Material provided:

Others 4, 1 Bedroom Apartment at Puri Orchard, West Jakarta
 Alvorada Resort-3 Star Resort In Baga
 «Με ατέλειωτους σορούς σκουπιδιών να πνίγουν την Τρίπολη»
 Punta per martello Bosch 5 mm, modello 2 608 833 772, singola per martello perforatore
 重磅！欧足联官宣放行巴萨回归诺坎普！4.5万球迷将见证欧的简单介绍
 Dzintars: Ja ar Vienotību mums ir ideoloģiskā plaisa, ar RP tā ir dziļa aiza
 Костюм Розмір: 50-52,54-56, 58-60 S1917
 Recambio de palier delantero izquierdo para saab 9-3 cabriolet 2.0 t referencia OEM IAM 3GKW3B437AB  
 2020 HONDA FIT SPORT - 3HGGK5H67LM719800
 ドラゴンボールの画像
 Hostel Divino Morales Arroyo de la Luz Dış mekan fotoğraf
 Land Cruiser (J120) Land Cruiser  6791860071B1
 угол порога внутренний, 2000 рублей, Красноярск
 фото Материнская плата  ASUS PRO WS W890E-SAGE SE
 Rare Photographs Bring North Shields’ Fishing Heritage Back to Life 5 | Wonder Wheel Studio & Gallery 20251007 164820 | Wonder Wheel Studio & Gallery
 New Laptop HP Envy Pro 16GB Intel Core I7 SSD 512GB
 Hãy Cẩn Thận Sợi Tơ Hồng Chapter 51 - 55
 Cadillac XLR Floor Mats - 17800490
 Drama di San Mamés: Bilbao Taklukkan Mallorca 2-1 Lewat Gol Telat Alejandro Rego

Assigned task:
Word for word, repeat the line holding "Костюм Розмір: 50-52,54-56, 58-60 S1917" and all lines after it through the end of the entries above.

Exercise answer:
 Костюм Розмір: 50-52,54-56, 58-60 S1917
 Recambio de palier delantero izquierdo para saab 9-3 cabriolet 2.0 t referencia OEM IAM 3GKW3B437AB  
 2020 HONDA FIT SPORT - 3HGGK5H67LM719800
 ドラゴンボールの画像
 Hostel Divino Morales Arroyo de la Luz Dış mekan fotoğraf
 Land Cruiser (J120) Land Cruiser  6791860071B1
 угол порога внутренний, 2000 рублей, Красноярск
 фото Материнская плата  ASUS PRO WS W890E-SAGE SE
 Rare Photographs Bring North Shields’ Fishing Heritage Back to Life 5 | Wonder Wheel Studio & Gallery 20251007 164820 | Wonder Wheel Studio & Gallery
 New Laptop HP Envy Pro 16GB Intel Core I7 SSD 512GB
 Hãy Cẩn Thận Sợi Tơ Hồng Chapter 51 - 55
 Cadillac XLR Floor Mats - 17800490
 Drama di San Mamés: Bilbao Taklukkan Mallorca 2-1 Lewat Gol Telat Alejandro Rego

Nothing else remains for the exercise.